On her website, Alexievich says she records conversations with 500 to 700 people for each book she writes.
“Real people speak in my books about the main events of the age such as the war, the Chernobyl disaster, and the downfall of a great empire,” she says. “Together they record verbally the history of the country, their common history, while each person puts into words the story of his/her own life.”
‘A history of human feelings’
She does not, she says, document a dry history of facts and events.
“I’m writing a history of human feelings,” Alexievich says. “What people thought, understood and remembered during the event. What they believed in or mistrusted, what illusions, hopes and fears they experienced. This is impossible to imagine or invent, at any rate in such multitude of real details.”
In a 2005 address to the PEN World Voices Festival in the United States, Alexievich explained how she found her writing style. Her comments were translated into English.
For people living in Slavic countries, the spoken word is extremely important, she said. “The point is not simply to exchange facts and information — the idea is that it’s important to speak of the essence of life and of its mystery.”
“As I was searching for the way to represent this, I began to understand that what I was hearing people say on the street and in the crowds was much more effectively capturing what was going on than what I was reading in print — and the way that people were trying to convey it using their pen,” Alexievich said.
In the modern world, she said, it was impossible to write “the book” that encompassed everything in the manner of 19th century novelists.
“We need to have a book where lots of people can make a contribution — one person may speak half a page, someone else may have a paragraph or five pages that they can contribute and that this is a way of conveying what’s going on today.”

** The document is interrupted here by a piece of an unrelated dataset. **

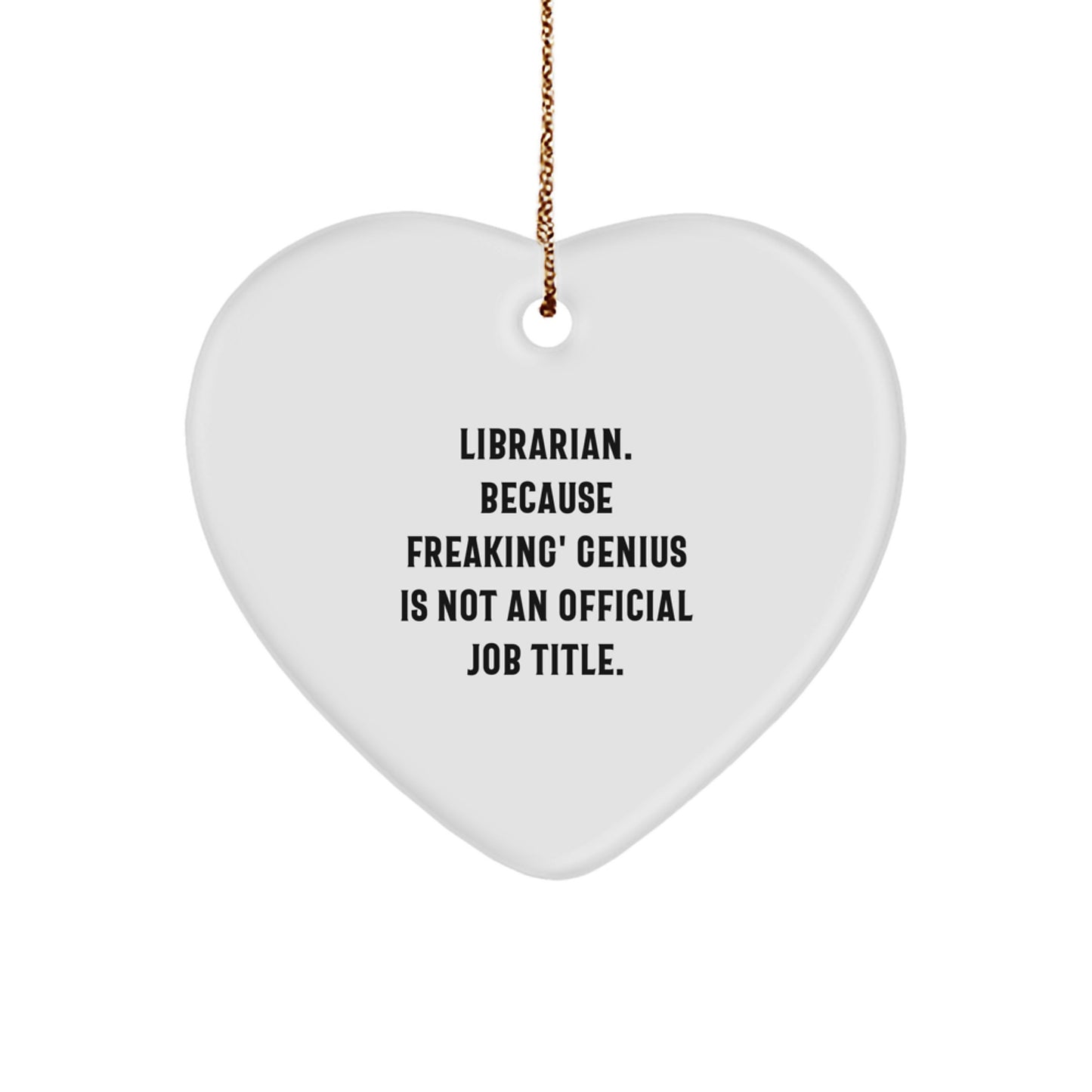 Funny Librarian Heart Ornament Gifts from Friends, Unique Christmas Unique Gifts for Librarians, 'Librarian. Because Freaking' genius Is Not An Official Job Title.' - Image 1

“And my genre, I refer to it as ‘the novel of voices’ and you might say that my work as just simply lying on the ground and I go and I gather it and I pick it up and I put it together. If Flaubert said ‘I am a man of the pen — or the plume,’ I could say of myself that I am a person of the ear.”
‘A path of her own’
Alexievich is not the first historian to win the prize, the most prestigious literature award in the world. Winston Churchill won in 1953, primarily for his sweeping, multivolume works documenting British history and the two world wars.
Alexievich’s books include “The Chernobyl Prayer,” “The War’s Unwomanly Face,” “Last Witness,” and “Zinky Boys.”
Her website says she was born in 1948 in Ivano-Frankovsk, in then-Soviet Ukraine, to a Belarusian father and a Ukrainian mother.
Her family later moved to Belarus, where both her parents worked as teachers.
She began her career as a reporter on a local newspaper before formally studying journalism at Minsk University. She then worked as both a teacher and journalist, eventually taking the position of correspondent for a literary magazine.
She tried various literary genres, but attributes her final choice to Belarusian writer Ales Adamovich, who her website says “helped her find a path of her own.”
Alexievich’s first book, “I’ve Left My Village,” gave her a reputation as a dissident. When she completed “The Unwomanly Face of the War,” in 1983, she was accused of the “de-glorification of the heroic Soviet woman.” The work was not published until 1985, when Mikhail Gorbachev came to power.
Alexievich’s views and independence have made her unpopular with authorities in Belarus, as well, where she belongs to the opposition, her website says.
“Her books add up to a literary chronicle of the emotional history of the Soviet and post-Soviet person,” the site says.
Secrecy for half a century
In contrast to other years, when the winner has been a surprise, Alexievich was one of the favorites this year. Other favorites had included Japanese novelist Haruki Murakami, Kenyan novelist Ngugi Wa Thiong’o, Norwegian novelist and playwright Jon Fosse and American writers Joyce Carol Oates and Philip Roth.
The list of nominations will be kept secret for 50 years.
Alexievich is 67. The average age of the winners in literature been 64.
The oldest winner was Doris Lessing, who was 88 when she won the prize in 2007. The youngest was Rudyard Kipling, best known for “The Jungle Book,” who won at age 42.